3.—(l) Subject to the provisions of this section, in this Act—

the expression "dwelling-house" means a hereditament used wholly for the purposes of a private dwelling or private dwellings;

the expression "private garage" means a hereditament having a floor space not exceeding two hundred and forty square feet and used as a lock-up garage, other than a hereditament which—

(a) forms part of the premises in which a business of providing services for motor vehicles is carried on, or

VISCOUNT LONG moved in the definition of "private garage," after the words "lock-up garage" to insert: other than a garage attached to a dwelling house or within the curtilage of a dwelling house and used wholly by the occupier thereof or by persons residing with him for the accommodation of motor cars belonging to them and

The noble Viscount said: I do not intend to keep your Lordships for more than just a few moments. There are two questions, and two only, that I should like to ask my noble friend Lord Mancroft. The first one refers to the owner of a garage that is more than 240 square feet. Is he to be charged or rated at the old rate or at the new rate? It is not quite clear. The second question I should like to ask the noble Lord, in moving this Amendment, is: Is a man who builds a new garage within his own purview, within his own curtilage, to be rated at the old rate or at a higher rate? In conclusion, I would ask the noble Lord whether, between now and Report stage, he will make quite certain that in the Bill those two questions, which at the present moment are causing some anxiety, are answered satisfactorily. I beg to move.

Amendment moved— Page 3, line 24, after ("garage") insert the said words.—(Viscount Long.)

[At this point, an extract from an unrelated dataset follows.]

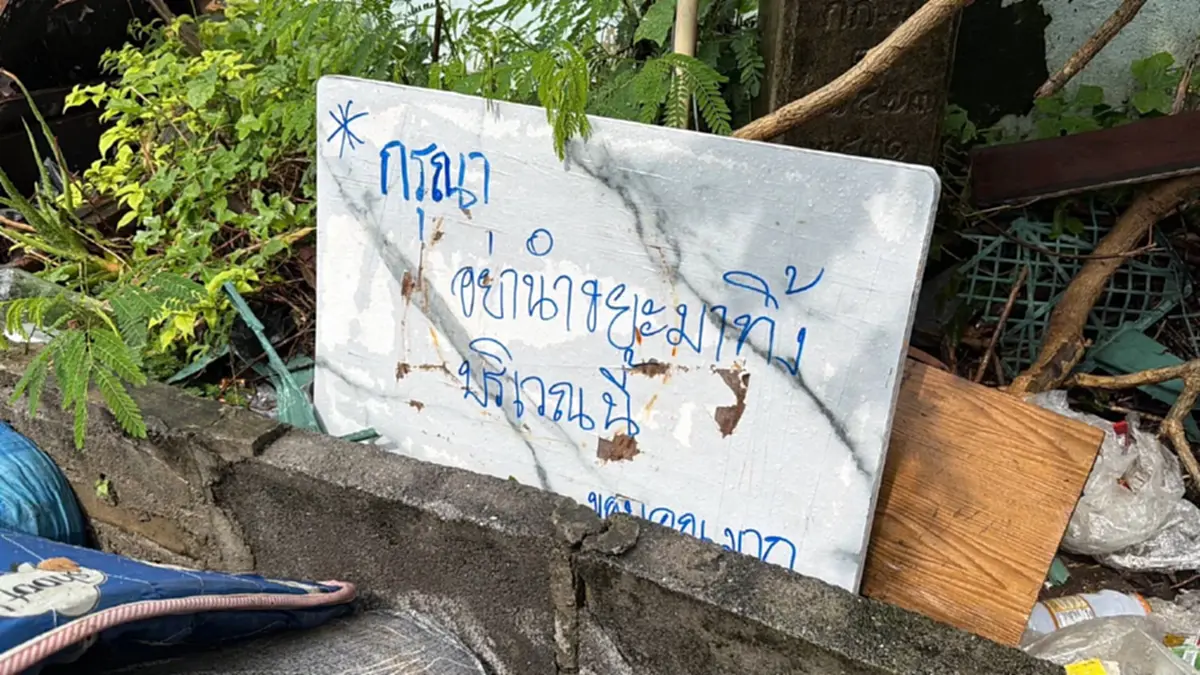 สาวน้ำตาซึม! ขยะกองท่วมหัวปิดทางเข้าบ้าน ถูกไล่ไปอยู่บนเขา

I should like to support this Amendment. The position does not seem to be quite clear in the Bill. The noble Lord, Lord Mancroft, I think made the position quite clear in the House on Second Reading. His words are set out in the OFFICIAL REPORT, Volume 183 (No. 90), Column 606. Reading Clause 3, I think you can take it either way. What we are worried about is a garage which is part of a hereditament, a house, added on as an annex to the house. Then, I think, it would be within the curtilage to be rated as one. But if the garage were built, say, fifty yards away, though still within the curtilage, it might he rated quite separately if it was over 240 square feet. Some noble Lords and myself in reading the Bill think it can be construed either way. I thought it was the intention of Her Majesty's Government, as they said on Second Reading, that, if the garage was within the cartilage, it should be part of the hereditament. I should like that point cleared up. I cannot clear it up for myself by reading the Bill. Perhaps it can be cleared up at the next stage of the Bill by the insertion of suitable words.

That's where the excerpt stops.